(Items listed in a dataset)
==============================
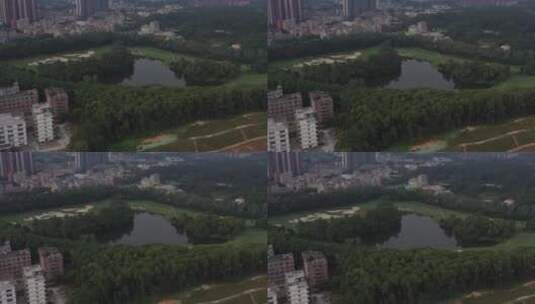 航拍深圳城市绿化高清在线视频素材下载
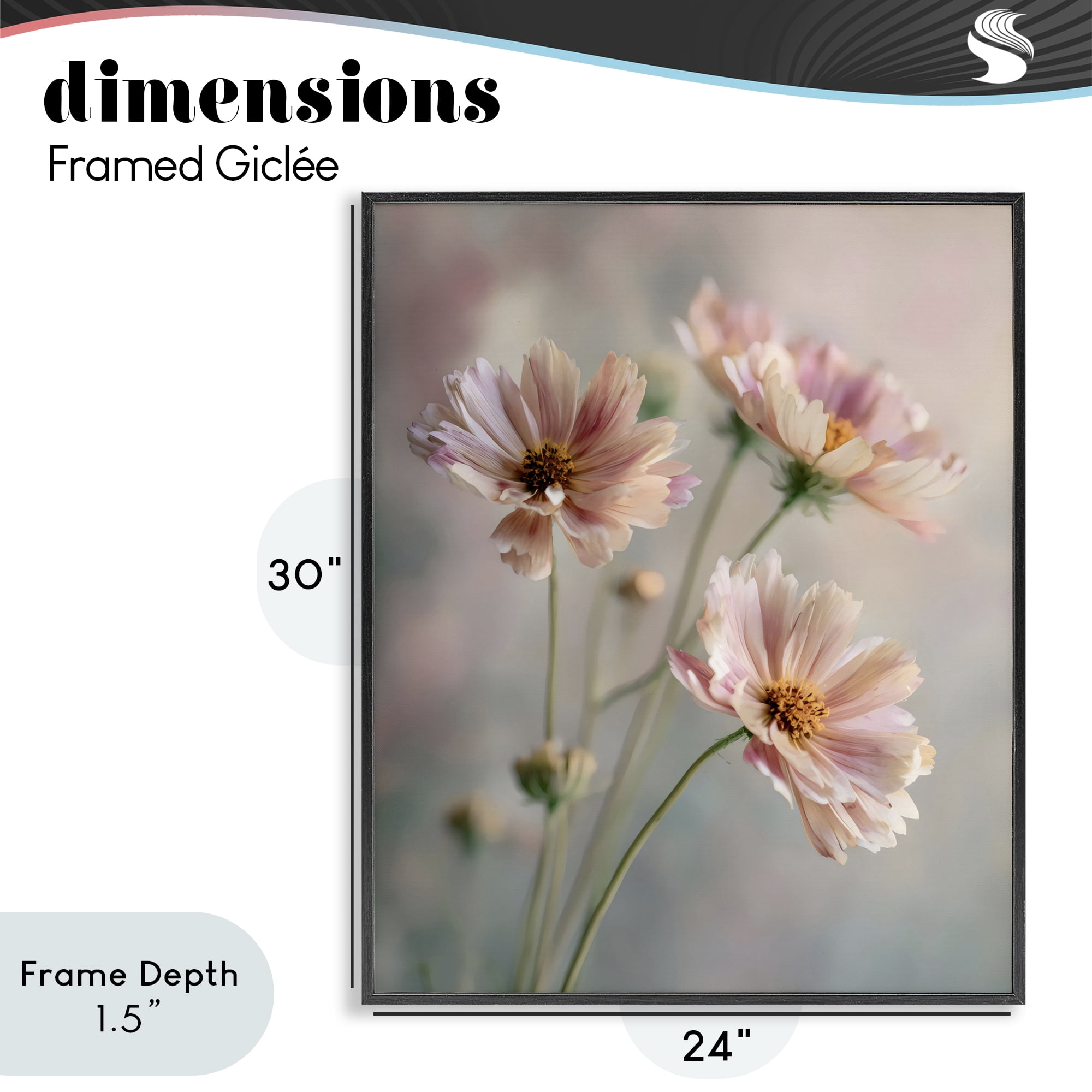 Stupell Industries Pink Daisies Close Up Black Framed Giclee Art, design by Franklyn Gregory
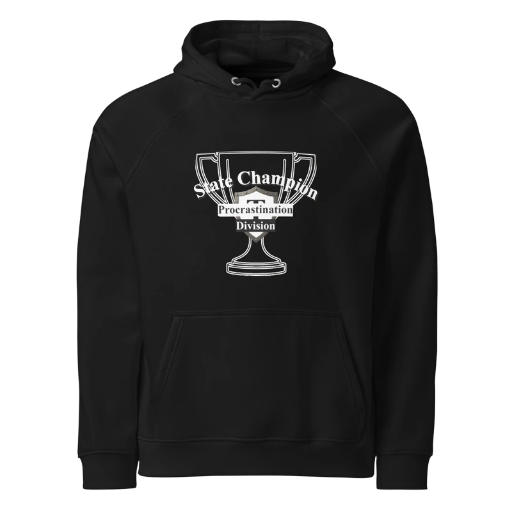 State Champion Unisex eco raglan hoodie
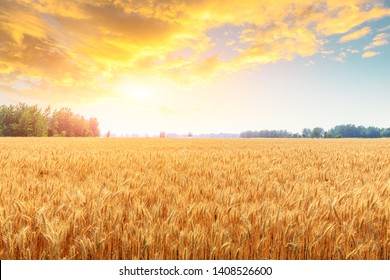 Wheat crop field sunset landscape - Shutterstock ID 1408526600
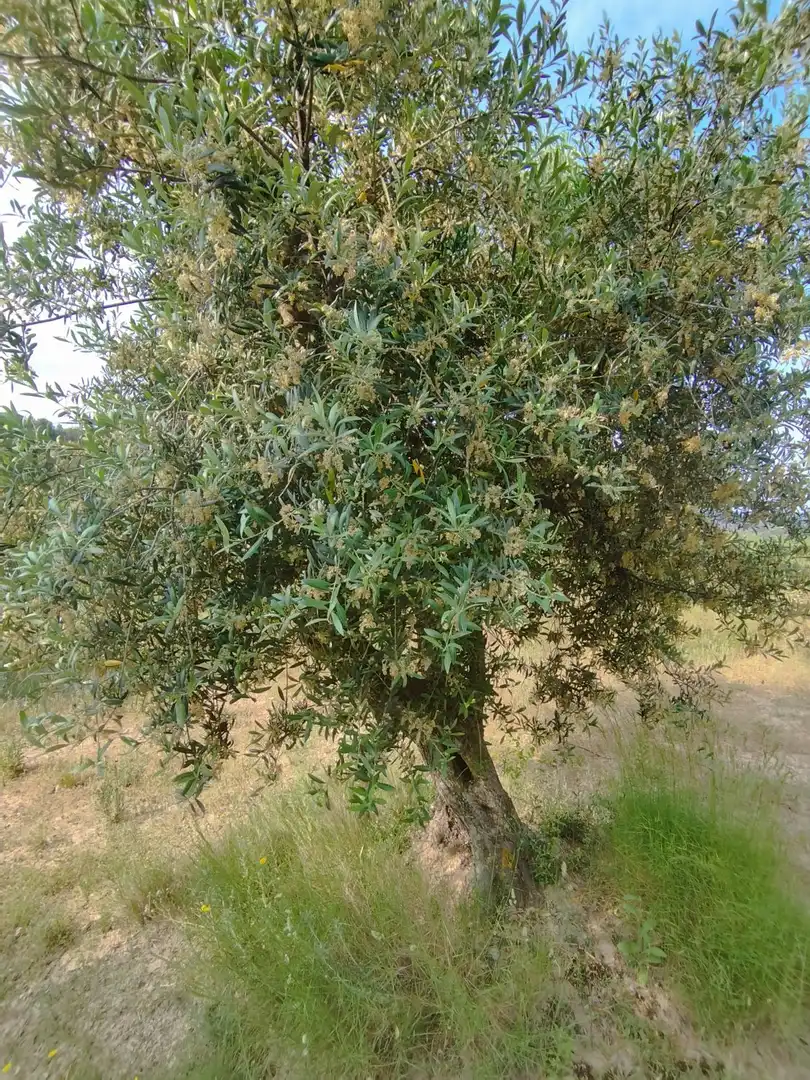 Jardí de Casa o xalet en venda en Cervià de Les Garrigues amb Traster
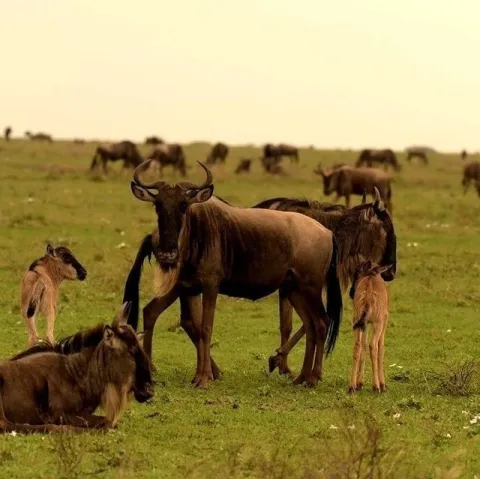 5-Day Great Migration Budget Camping Private Safari gallery image
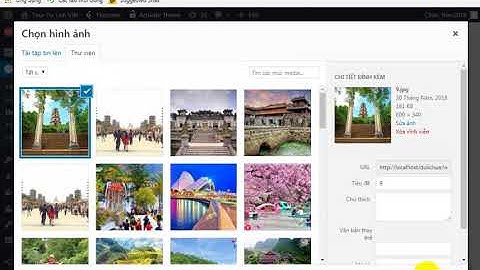 full code website giới thiệu tour dulich đẹp chuẩn seo wordpress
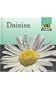 Daisies (Checkerboard Science and Nature Library)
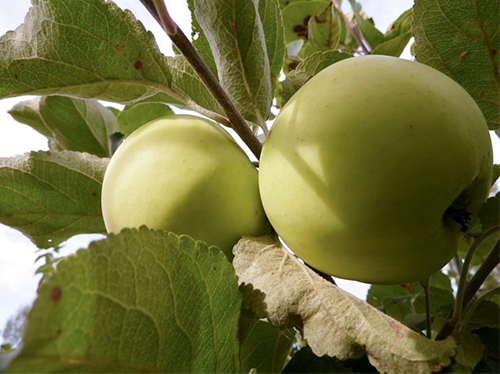 Odmiana jabłek Narodnoe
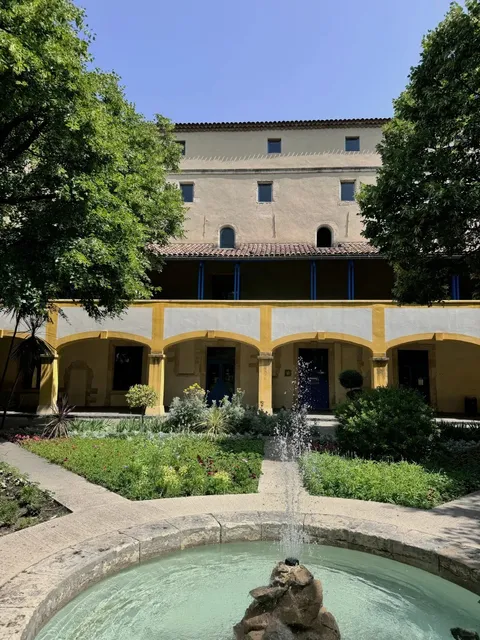 Day 6 in Arles: So THIS Was Van Gogh's Color Palette! 🌈✨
==============================
Please set down, exactly and with no pictures, the lines in the entries above starting at the one holding "Wheat crop field" and ending at the one holding "Odmiana jabłek Narodnoe", ends included.

 Wheat crop field sunset landscape - Shutterstock ID 1408526600
 Jardí de Casa o xalet en venda en Cervià de Les Garrigues amb Traster
 5-Day Great Migration Budget Camping Private Safari gallery image
 full code website giới thiệu tour dulich đẹp chuẩn seo wordpress
 Daisies (Checkerboard Science and Nature Library)
 Odmiana jabłek Narodnoe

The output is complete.